• **Data under study**:

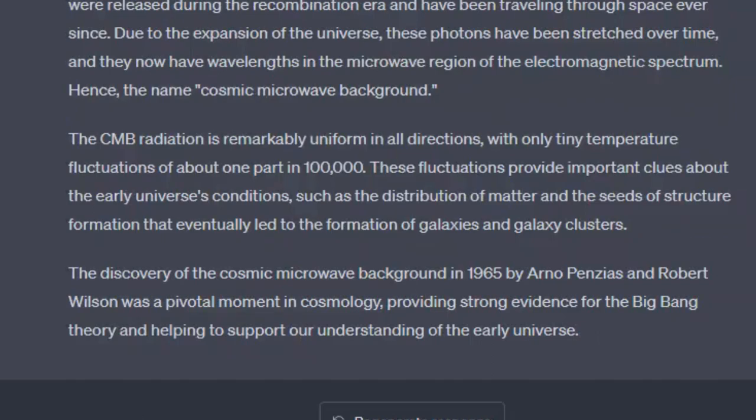The discovery of the Cosmic Microwave Background in 1965 by Arno Penzias and Robert Wilson was a pivotal moment in cosmology, providing strong evidence for the Big Bang Theory and helping to support our understanding of the early universe.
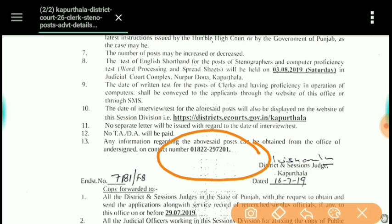If you need study material for the post of Clerk, I will also leave the link to the relevant video in the description box below.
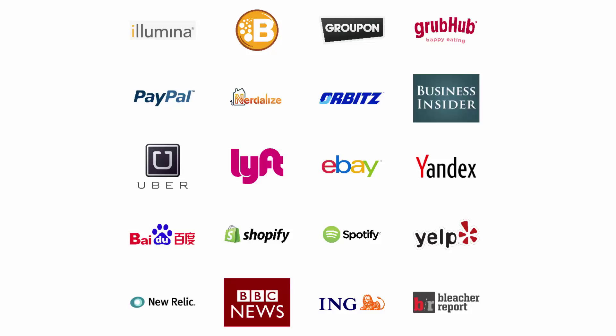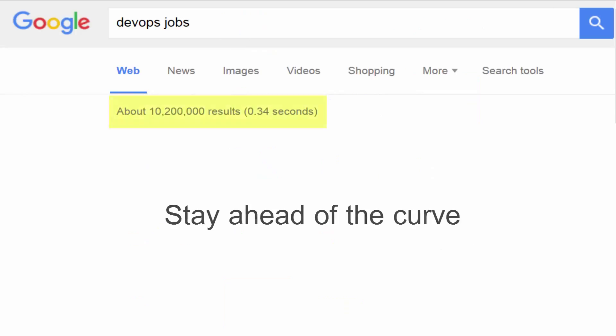Nowadays, learning about Docker and general DevOps skills is gaining massive momentum in the tech scene. Companies are expecting new developers to manage the full lifecycle of their web applications. This means both developing and deploying your apps. Here's your chance to stay ahead of the curve. I'm confident that by the time you're done with this course, you'll have enough experience to start applying for jobs in the DevOps field, or set up a deployment strategy for your brand new startup.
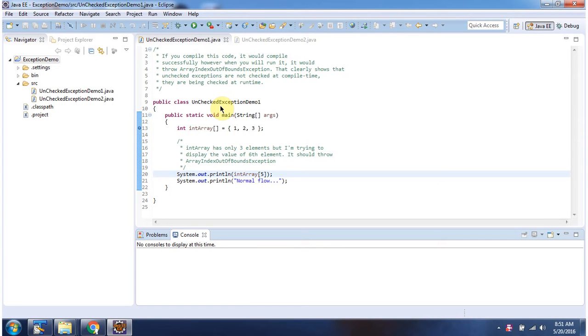Here I have declared the class UncheckedExceptionDemo1. It has a main method. I am running this program in debug mode.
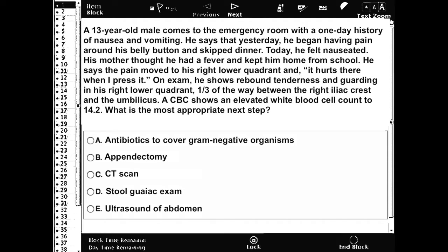A 13-year-old male comes to the emergency room with a one-day history of nausea and vomiting. Yesterday he began having pain around his belly button. Today he felt nauseated, his mother thought he had a fever and kept him home from school. He says the pain moved to his right lower quadrant.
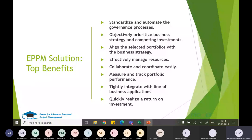The main benefits of an EPPM solution include standardizing and automating the governance process — defining what requirements must be achieved at each phase. You can manage resources in a centralized pool, improve collaboration across projects and programs, measure and track portfolio performance, and quickly realize return on investment for each project and program.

• **What the task requires**:
Each line of the listing must be restated word for word, and the pictures left out.

• **Response below**:
The discovery of the Cosmic Microwave Background in 1965 by Arno Penzias and Robert Wilson was a pivotal moment in cosmology, providing strong evidence for the Big Bang Theory and helping to support our understanding of the early universe.
If you need study material for the post of Clerk, I will also leave the link to the relevant video in the description box below.
Nowadays, learning about Docker and general DevOps skills is gaining massive momentum in the tech scene. Companies are expecting new developers to manage the full lifecycle of their web applications. This means both developing and deploying your apps. Here's your chance to stay ahead of the curve. I'm confident that by the time you're done with this course, you'll have enough experience to start applying for jobs in the DevOps field, or set up a deployment strategy for your brand new startup.
Here I have declared the class UncheckedExceptionDemo1. It has a main method. I am running this program in debug mode.
A 13-year-old male comes to the emergency room with a one-day history of nausea and vomiting. Yesterday he began having pain around his belly button. Today he felt nauseated, his mother thought he had a fever and kept him home from school. He says the pain moved to his right lower quadrant.
The main benefits of an EPPM solution include standardizing and automating the governance process — defining what requirements must be achieved at each phase. You can manage resources in a centralized pool, improve collaboration across projects and programs, measure and track portfolio performance, and quickly realize return on investment for each project and program.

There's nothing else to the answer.